# Exercise goal:
Please print nothing but the lines from the one containing "Flat Avenue des" to the final line below, exactly, and no pictures.

# Raw data:
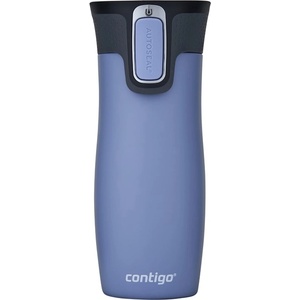 Newell Europe Sàrl Термос чаша Contigo West Loop 470 мл, цвят Earl Grey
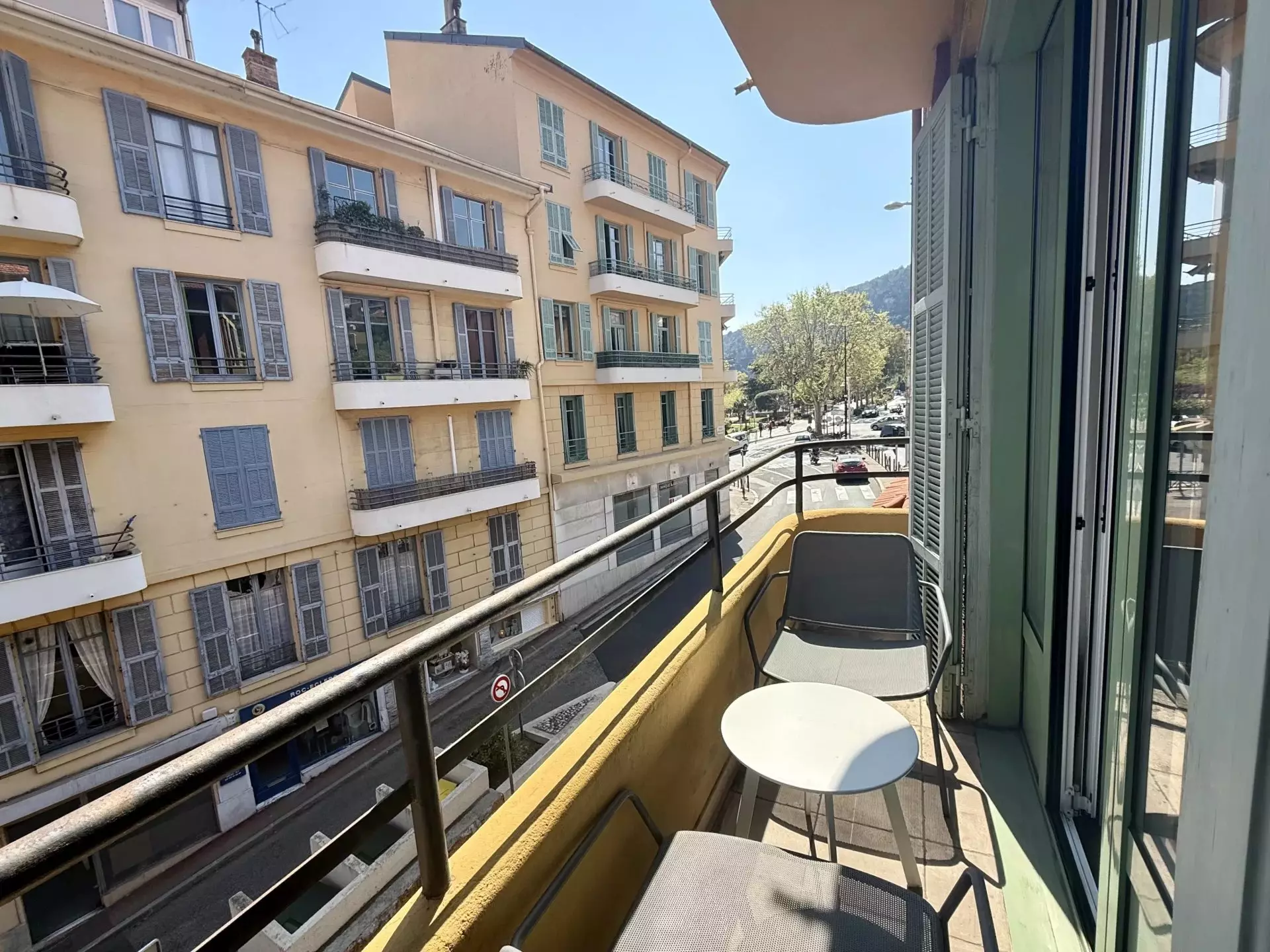 Flat Avenue des Œillets in Villefranche-sur-Mer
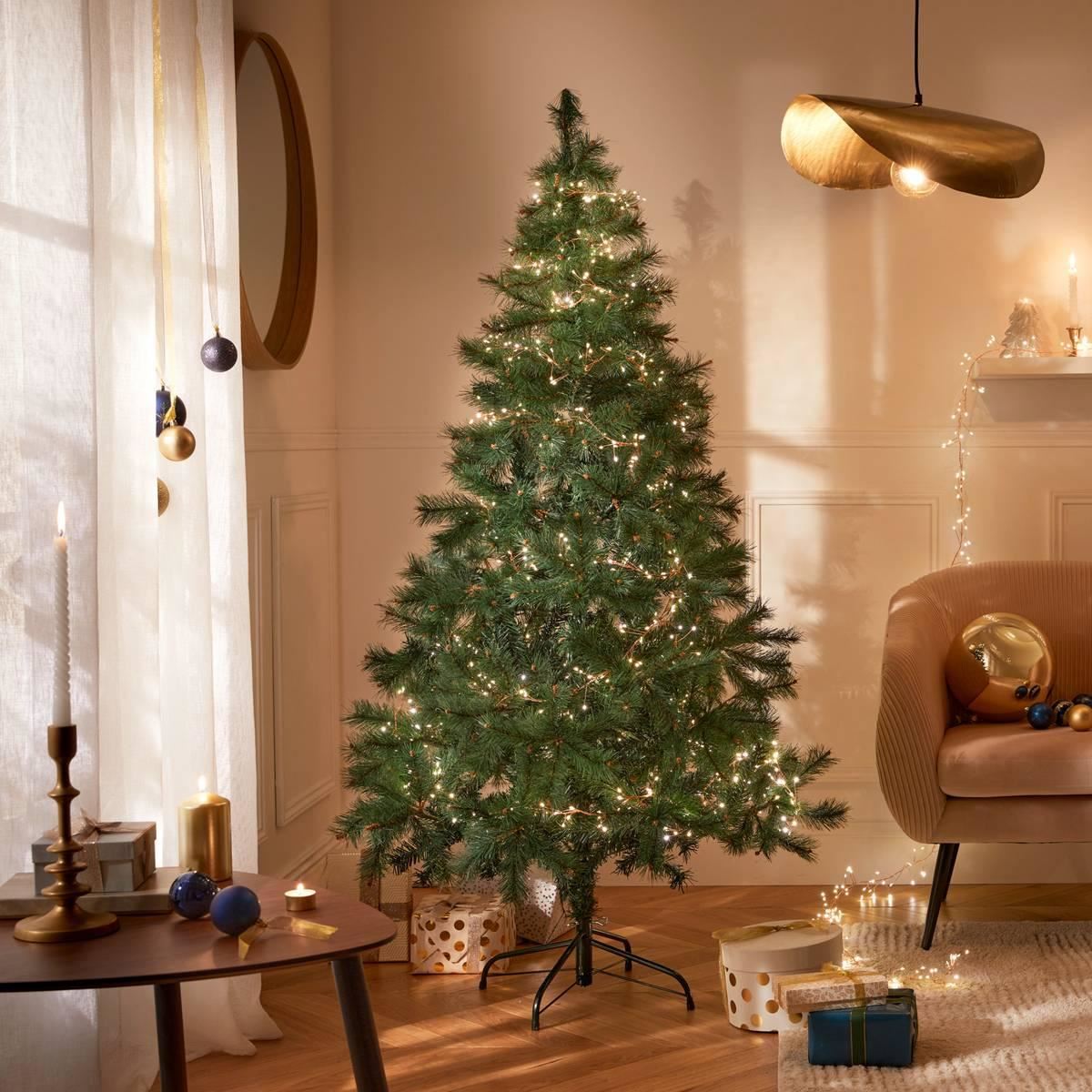 Kerstboom-Windy-Peak-H210cm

# Expected output:
 Flat Avenue des Œillets in Villefranche-sur-Mer
 Kerstboom-Windy-Peak-H210cm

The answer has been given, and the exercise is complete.